Task objective:
Search the records below for the word "Animal". Pull out each line that has it.

**** Data shown ****

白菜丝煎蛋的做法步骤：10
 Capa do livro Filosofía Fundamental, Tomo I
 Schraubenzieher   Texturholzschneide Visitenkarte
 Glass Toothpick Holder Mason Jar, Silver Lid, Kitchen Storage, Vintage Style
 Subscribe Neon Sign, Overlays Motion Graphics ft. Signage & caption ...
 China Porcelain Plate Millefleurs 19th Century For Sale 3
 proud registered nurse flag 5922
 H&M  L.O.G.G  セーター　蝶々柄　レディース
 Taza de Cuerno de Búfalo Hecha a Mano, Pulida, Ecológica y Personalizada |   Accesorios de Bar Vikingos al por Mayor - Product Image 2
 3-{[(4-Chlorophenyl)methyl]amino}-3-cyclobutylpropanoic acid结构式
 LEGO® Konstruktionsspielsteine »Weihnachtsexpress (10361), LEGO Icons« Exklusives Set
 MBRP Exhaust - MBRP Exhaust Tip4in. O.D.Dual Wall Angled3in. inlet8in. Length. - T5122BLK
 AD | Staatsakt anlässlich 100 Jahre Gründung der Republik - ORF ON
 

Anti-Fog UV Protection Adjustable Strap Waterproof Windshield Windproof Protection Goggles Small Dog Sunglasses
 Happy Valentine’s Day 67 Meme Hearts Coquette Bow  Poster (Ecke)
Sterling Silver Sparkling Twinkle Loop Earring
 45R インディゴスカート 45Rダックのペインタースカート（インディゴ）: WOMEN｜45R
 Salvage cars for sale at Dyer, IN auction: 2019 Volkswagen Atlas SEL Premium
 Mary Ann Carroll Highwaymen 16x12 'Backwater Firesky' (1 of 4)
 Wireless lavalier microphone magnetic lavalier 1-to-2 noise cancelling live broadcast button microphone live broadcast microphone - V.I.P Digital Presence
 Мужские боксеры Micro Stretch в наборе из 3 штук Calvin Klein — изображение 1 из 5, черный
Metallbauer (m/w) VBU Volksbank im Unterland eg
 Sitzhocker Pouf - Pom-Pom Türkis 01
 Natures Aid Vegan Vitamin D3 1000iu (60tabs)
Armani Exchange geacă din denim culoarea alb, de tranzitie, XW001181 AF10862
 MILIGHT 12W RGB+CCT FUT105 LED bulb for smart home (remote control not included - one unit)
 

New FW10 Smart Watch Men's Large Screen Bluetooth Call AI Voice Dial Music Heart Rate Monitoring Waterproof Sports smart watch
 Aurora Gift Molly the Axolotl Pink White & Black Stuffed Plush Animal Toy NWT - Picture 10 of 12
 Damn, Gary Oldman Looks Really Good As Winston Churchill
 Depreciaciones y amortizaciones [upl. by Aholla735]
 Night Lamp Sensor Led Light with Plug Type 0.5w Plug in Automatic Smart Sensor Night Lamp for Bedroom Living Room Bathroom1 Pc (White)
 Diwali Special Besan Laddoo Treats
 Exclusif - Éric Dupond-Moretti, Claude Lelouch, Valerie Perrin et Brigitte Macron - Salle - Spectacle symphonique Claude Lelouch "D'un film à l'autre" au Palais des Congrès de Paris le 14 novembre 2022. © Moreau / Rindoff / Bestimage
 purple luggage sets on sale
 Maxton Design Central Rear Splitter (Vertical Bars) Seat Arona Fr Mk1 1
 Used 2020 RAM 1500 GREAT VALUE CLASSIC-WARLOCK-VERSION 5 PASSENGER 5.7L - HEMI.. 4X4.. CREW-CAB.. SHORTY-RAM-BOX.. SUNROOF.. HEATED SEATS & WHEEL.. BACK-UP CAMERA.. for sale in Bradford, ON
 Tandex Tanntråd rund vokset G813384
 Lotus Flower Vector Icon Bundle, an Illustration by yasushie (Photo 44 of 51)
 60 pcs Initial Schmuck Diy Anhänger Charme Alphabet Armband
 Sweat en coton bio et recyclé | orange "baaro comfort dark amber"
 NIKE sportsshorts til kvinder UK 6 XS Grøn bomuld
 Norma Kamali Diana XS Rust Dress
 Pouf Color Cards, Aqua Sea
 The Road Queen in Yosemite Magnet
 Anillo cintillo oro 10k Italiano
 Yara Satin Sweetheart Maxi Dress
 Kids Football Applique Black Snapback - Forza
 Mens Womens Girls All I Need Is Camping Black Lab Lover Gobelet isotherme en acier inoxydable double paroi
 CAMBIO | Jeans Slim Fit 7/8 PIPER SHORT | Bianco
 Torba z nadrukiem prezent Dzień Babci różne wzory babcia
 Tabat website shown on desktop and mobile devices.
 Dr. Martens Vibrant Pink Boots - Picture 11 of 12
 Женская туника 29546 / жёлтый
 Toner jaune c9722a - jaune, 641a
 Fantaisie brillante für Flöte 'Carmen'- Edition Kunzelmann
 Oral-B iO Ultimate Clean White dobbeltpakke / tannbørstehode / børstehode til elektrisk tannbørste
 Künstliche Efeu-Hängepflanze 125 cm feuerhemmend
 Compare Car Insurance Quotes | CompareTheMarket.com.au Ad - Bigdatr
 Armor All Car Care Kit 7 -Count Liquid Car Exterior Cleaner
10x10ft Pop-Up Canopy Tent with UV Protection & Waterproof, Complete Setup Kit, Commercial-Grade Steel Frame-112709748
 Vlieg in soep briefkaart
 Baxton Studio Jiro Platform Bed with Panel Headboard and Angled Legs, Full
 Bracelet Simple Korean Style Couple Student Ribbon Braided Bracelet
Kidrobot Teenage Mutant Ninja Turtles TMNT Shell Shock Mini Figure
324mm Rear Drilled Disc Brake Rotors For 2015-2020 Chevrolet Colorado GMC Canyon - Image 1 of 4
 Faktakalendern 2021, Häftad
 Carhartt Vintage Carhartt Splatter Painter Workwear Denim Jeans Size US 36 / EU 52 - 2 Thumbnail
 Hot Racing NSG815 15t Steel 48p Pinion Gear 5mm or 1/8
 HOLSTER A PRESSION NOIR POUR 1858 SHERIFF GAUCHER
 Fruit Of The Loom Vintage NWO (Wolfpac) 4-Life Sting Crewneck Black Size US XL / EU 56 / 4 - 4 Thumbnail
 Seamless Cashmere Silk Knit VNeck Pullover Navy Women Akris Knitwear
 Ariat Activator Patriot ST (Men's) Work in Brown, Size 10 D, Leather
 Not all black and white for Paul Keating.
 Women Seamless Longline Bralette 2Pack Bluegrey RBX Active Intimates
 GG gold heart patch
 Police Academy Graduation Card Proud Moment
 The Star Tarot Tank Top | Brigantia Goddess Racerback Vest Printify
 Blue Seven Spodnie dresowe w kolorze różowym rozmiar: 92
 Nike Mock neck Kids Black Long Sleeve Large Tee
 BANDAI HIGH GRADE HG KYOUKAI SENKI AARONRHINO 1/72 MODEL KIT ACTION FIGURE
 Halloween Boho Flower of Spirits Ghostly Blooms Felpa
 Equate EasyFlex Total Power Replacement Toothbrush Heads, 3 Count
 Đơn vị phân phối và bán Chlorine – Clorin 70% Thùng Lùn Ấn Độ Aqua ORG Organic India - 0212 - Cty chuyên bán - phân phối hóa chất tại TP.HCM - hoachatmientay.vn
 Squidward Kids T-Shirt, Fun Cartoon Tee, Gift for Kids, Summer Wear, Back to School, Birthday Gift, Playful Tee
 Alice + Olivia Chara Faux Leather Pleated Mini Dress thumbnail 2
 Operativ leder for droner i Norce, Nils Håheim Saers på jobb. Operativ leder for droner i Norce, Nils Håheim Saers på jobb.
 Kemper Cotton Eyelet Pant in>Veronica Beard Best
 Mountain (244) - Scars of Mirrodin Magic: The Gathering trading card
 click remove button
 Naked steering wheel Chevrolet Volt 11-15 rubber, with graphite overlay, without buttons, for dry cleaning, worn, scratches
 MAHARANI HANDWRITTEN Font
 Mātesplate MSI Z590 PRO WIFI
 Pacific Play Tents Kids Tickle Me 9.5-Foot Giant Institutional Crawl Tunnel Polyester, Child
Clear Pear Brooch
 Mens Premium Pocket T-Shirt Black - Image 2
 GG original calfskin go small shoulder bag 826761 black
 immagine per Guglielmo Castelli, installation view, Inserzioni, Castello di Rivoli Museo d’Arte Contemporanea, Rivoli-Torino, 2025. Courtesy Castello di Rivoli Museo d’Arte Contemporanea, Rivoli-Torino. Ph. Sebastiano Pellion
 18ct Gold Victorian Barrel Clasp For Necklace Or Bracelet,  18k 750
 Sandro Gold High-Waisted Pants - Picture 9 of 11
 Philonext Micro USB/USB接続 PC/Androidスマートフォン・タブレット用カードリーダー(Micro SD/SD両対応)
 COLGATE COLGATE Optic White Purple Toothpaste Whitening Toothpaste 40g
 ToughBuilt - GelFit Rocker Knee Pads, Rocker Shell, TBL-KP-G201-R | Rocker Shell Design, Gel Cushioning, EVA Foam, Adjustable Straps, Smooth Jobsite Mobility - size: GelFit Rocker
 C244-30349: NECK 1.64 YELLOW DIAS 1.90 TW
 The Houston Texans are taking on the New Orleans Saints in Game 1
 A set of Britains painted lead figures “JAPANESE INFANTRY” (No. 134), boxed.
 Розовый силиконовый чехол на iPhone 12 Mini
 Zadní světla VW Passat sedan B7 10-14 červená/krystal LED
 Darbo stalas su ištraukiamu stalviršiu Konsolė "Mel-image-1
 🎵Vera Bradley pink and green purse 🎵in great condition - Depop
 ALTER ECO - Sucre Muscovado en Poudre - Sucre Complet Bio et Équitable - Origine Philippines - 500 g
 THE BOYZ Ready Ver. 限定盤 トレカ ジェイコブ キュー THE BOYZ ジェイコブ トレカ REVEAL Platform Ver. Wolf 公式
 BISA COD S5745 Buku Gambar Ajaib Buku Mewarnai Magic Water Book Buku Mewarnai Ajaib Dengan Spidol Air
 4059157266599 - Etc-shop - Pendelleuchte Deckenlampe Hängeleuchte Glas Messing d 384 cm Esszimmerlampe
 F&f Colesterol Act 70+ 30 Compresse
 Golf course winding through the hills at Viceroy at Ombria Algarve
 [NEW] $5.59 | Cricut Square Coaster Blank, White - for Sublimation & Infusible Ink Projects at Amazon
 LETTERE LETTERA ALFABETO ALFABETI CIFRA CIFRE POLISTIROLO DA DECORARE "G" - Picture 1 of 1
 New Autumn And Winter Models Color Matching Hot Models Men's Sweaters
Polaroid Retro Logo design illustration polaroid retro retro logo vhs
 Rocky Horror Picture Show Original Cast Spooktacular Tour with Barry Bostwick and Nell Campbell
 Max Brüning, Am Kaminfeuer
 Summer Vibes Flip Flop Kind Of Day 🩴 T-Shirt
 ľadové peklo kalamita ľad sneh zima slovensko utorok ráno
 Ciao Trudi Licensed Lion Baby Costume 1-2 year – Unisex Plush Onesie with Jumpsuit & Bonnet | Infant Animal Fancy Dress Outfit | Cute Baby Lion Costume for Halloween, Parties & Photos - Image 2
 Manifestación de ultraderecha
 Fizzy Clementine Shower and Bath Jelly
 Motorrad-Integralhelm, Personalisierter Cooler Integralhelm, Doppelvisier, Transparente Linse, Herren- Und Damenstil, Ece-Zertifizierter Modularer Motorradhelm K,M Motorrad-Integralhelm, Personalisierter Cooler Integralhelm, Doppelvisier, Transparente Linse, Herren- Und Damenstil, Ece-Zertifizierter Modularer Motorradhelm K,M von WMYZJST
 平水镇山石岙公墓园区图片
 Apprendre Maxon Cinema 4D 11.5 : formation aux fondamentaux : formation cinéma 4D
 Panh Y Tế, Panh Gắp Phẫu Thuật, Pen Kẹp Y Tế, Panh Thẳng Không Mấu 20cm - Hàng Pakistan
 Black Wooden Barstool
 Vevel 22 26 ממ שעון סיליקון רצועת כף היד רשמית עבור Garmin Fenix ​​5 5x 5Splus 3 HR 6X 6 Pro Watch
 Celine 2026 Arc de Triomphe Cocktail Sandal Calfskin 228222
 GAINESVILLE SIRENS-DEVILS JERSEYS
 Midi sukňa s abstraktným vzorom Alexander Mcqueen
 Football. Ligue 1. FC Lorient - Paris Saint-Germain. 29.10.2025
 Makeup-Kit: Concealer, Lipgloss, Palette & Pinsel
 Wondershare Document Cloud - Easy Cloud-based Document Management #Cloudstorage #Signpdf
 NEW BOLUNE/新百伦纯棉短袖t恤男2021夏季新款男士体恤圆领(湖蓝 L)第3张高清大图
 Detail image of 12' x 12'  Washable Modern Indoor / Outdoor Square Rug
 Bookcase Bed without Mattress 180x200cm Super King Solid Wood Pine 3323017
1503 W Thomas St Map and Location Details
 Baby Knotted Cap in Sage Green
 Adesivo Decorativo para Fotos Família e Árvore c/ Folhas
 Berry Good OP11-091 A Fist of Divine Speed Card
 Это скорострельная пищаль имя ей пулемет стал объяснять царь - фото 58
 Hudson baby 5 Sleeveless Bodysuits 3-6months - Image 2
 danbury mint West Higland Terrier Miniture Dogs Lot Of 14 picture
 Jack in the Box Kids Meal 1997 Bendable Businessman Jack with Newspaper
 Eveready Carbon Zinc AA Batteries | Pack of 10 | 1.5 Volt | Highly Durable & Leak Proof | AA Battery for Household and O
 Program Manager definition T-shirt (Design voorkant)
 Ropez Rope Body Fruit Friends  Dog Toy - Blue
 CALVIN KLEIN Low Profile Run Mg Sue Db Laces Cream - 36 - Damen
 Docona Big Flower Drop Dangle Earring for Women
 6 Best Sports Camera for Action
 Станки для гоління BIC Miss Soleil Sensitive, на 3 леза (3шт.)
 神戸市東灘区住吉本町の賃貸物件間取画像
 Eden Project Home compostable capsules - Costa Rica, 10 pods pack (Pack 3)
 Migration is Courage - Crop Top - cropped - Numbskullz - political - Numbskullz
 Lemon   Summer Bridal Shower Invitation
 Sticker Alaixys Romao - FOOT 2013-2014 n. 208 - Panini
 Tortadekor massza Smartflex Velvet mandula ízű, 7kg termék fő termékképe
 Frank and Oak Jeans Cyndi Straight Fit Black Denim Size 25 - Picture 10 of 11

****

Response to the task:
 Aurora Gift Molly the Axolotl Pink White & Black Stuffed Plush Animal Toy NWT - Picture 10 of 12
 Ciao Trudi Licensed Lion Baby Costume 1-2 year – Unisex Plush Onesie with Jumpsuit & Bonnet | Infant Animal Fancy Dress Outfit | Cute Baby Lion Costume for Halloween, Parties & Photos - Image 2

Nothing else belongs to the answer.